◆ **Assigned task**: Transcribe only the lines from the one containing "Camisa de oficina" through the final line of the entries below, exactly, and exclude the pictures.
### Information ###
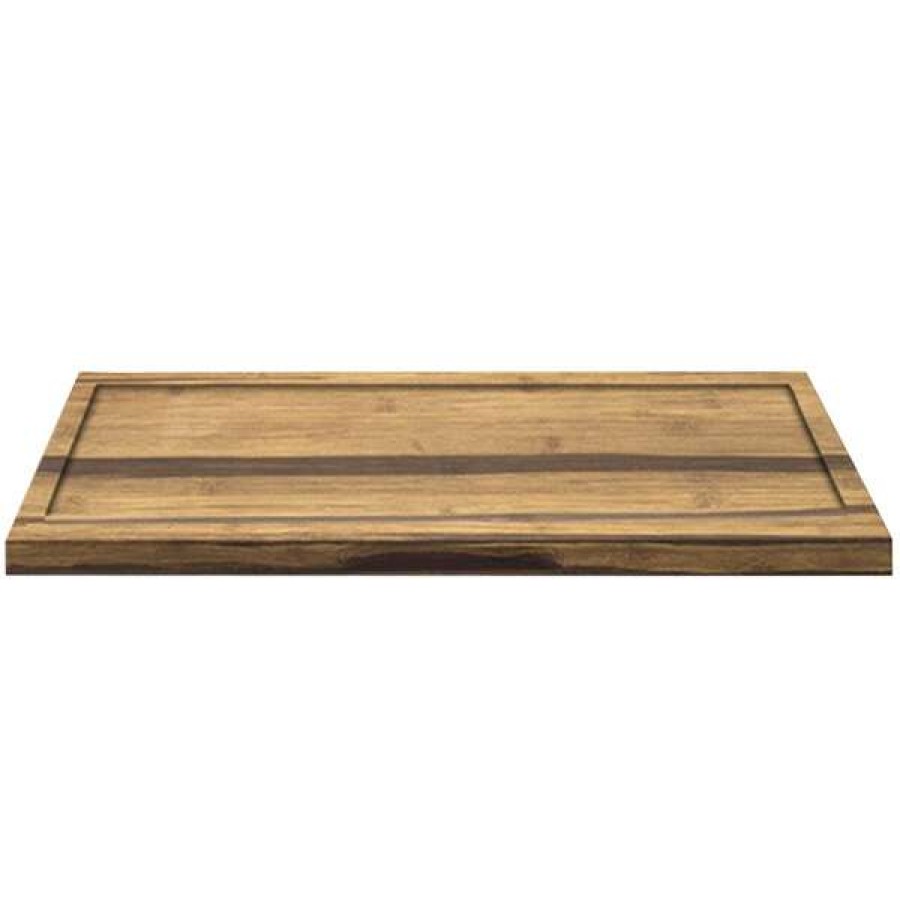 Bamboo Trays * Front Of The House Spt052Mub21 14 X 9 Reversible Crushed Bamboo Serving Board With Hand Grips 4/Case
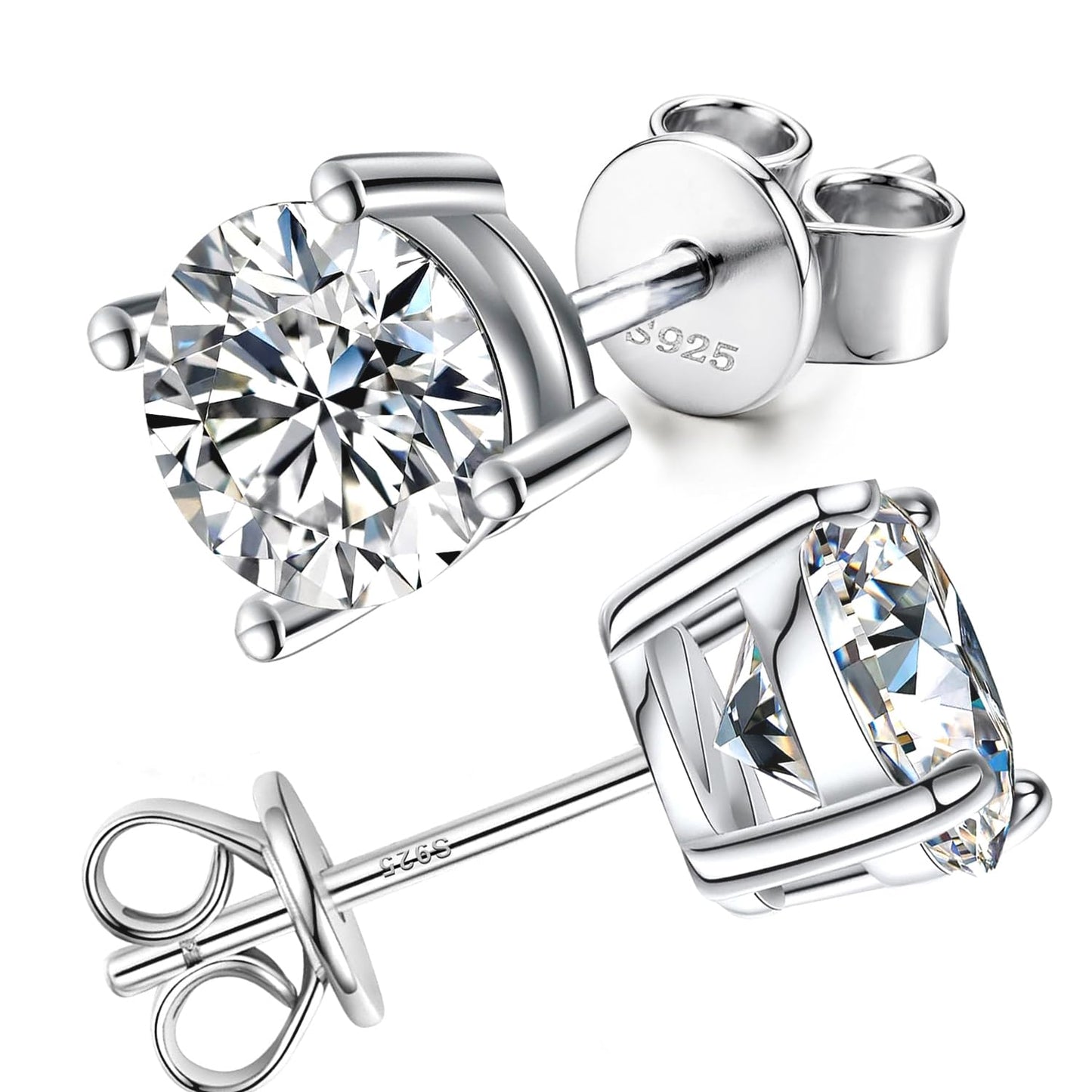 Earrings for Women Men Total 4ct Moissanite - Laboratory Diamond S925 Silver Stud Earrings Wedding Jewelry (8MM 2ct x2)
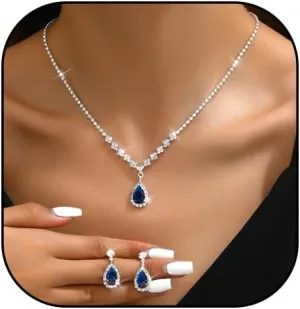 Shiny Cubic Zirconia Waterdrop Earrings Pendant Necklace Set Rhinestone Waterdrop Dangle Earrings Clavicle Necklace Wedding Bride Jewelry for Women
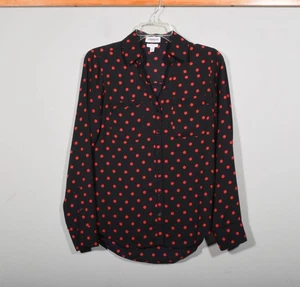 Camisa de oficina Express Portofino ajustada negra roja a lunares con botones talla XS - Imagen 1 de 3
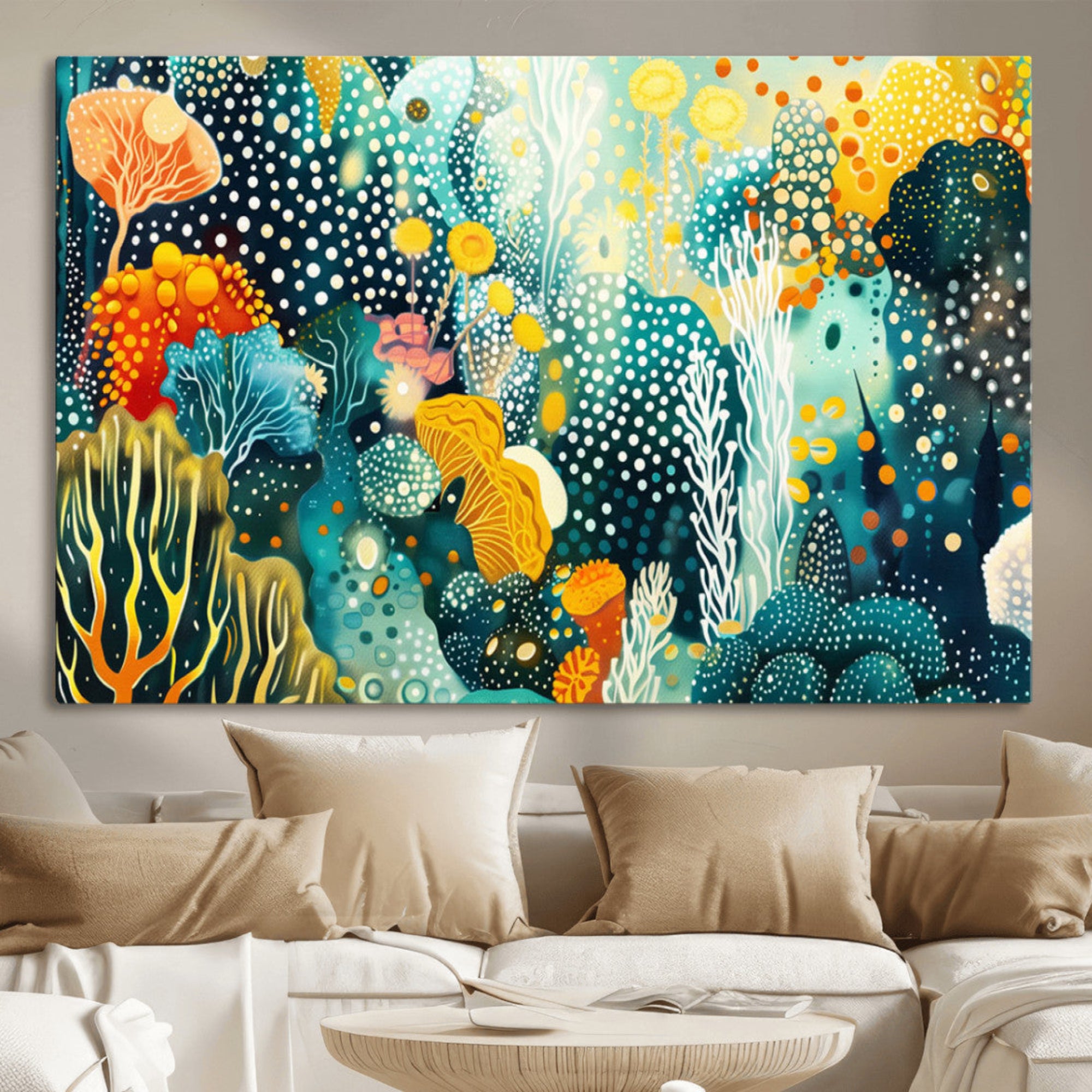 Abstract underwater coral reef illustration with vibrant colors, dotted textures, and stylized marine flora – Wall Art Canvas Print.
###
◆ **Your response**:
 Camisa de oficina Express Portofino ajustada negra roja a lunares con botones talla XS - Imagen 1 de 3
 Abstract underwater coral reef illustration with vibrant colors, dotted textures, and stylized marine flora – Wall Art Canvas Print.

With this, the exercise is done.